Adding further pain is a recent report that showed that consumer lending was also down, and with fewer people applying for credit at a time of economic uncertainty, and with banks finding themselves lending to commercial, rather than personal, customers, there’s less money floating about the economy.
And it’s Carney’s belief that this slowdown in consumer spending can be blamed on the UK’s decision to leave the European Union. His statement followed the Bank of England’s release of the Quarterly Inflation Report, where he told gathered reporters that:
‘For some time, the responses of financial markets and households to the UK’s decision to leave the EU have diverged. In its February projections, the MPC expected that this tension between consumer strength and relative financial market pessimism would be reduced over the course of this year. That process has now begun. With wage growth moderating and inflation picking up, both household spending and GDP growth have slowed markedly.’
This comes, despite the fact that wages are not currently maintaining pace with rising inflation (wage growth sits at 2.2% to 2.3% inflation), which ultimately means we’re getting paid less while prices rise.

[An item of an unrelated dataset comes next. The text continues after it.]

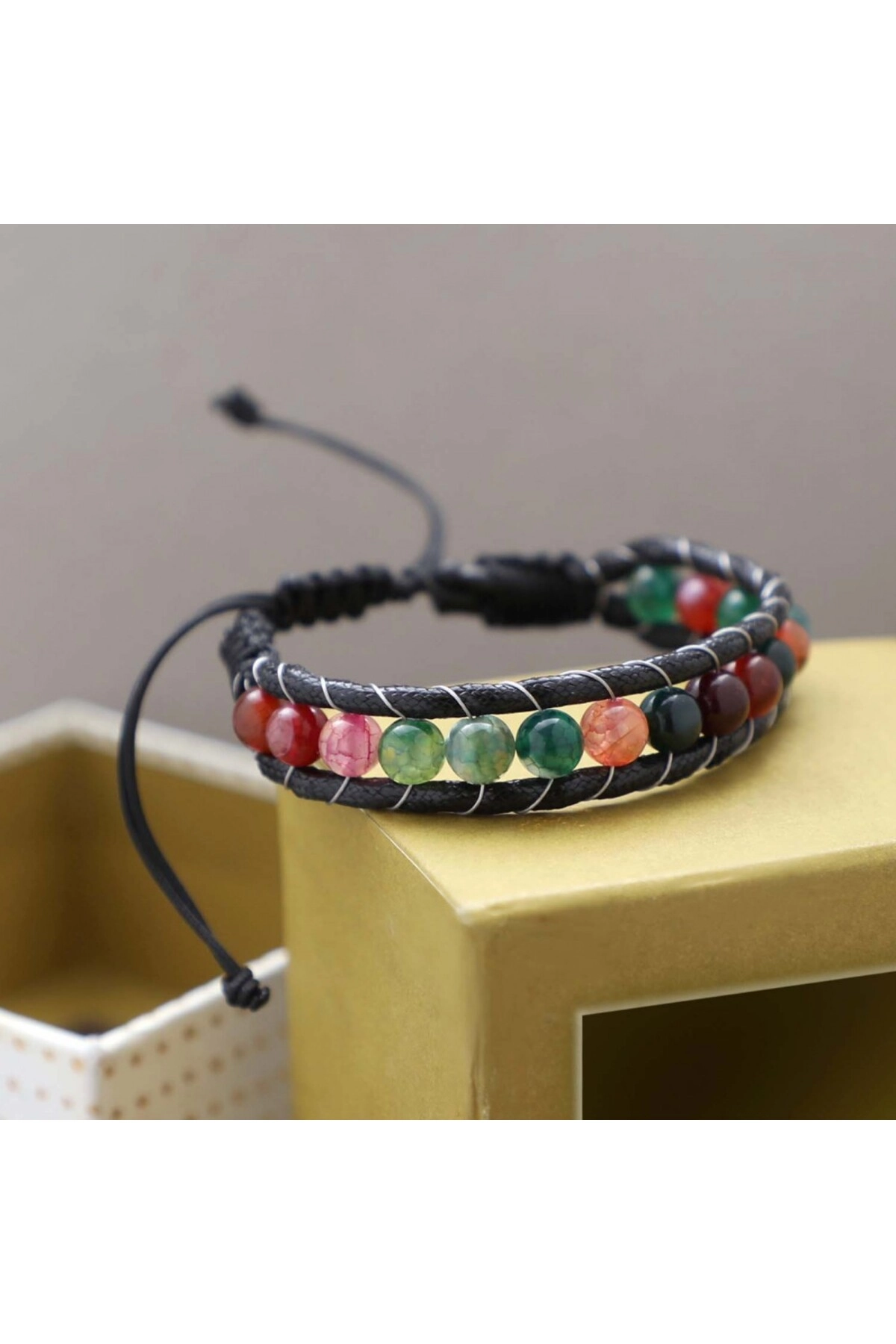 Çakra Doğaltaş Çelik Tel Örgülü Makrome Bileklik-2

No wonder, then, that UK households are being forced to tighten their budgetary belts and being financially prevented from spending out on ‘luxury items’. However, while the decrease in spending has now begun ‘in earnest’ – it’s not just a blip in the financial forecasts – Carney was also keen to allay fears over a prolonged slowdown, saying:
‘The factors currently weighing on wage growth are unlikely to persist, and it [the MPC] projects that wages will rise significantly as the output gap narrows throughout the forecast period and closes by the end.’
Tellingly, the Bank of England also cut its growth forecast for the year from 2% in February to 1.9% in May, reporting that:
‘The Committee judges that consumption growth will be slower in the near term than previously anticipated before recovering in the latter part of the forecast period as real income picks up.’
But while the consequences of Brexit and its full effect on the economy are still unknown, it’s not all bad news for growth, with the Bank of England revising its forecast for 2018 from 1.6% to 1.7%; they also project growth to be at 1.8% in 2019.
However, that’s going to feel like small beer for the squeezed budgets of households across the country right now.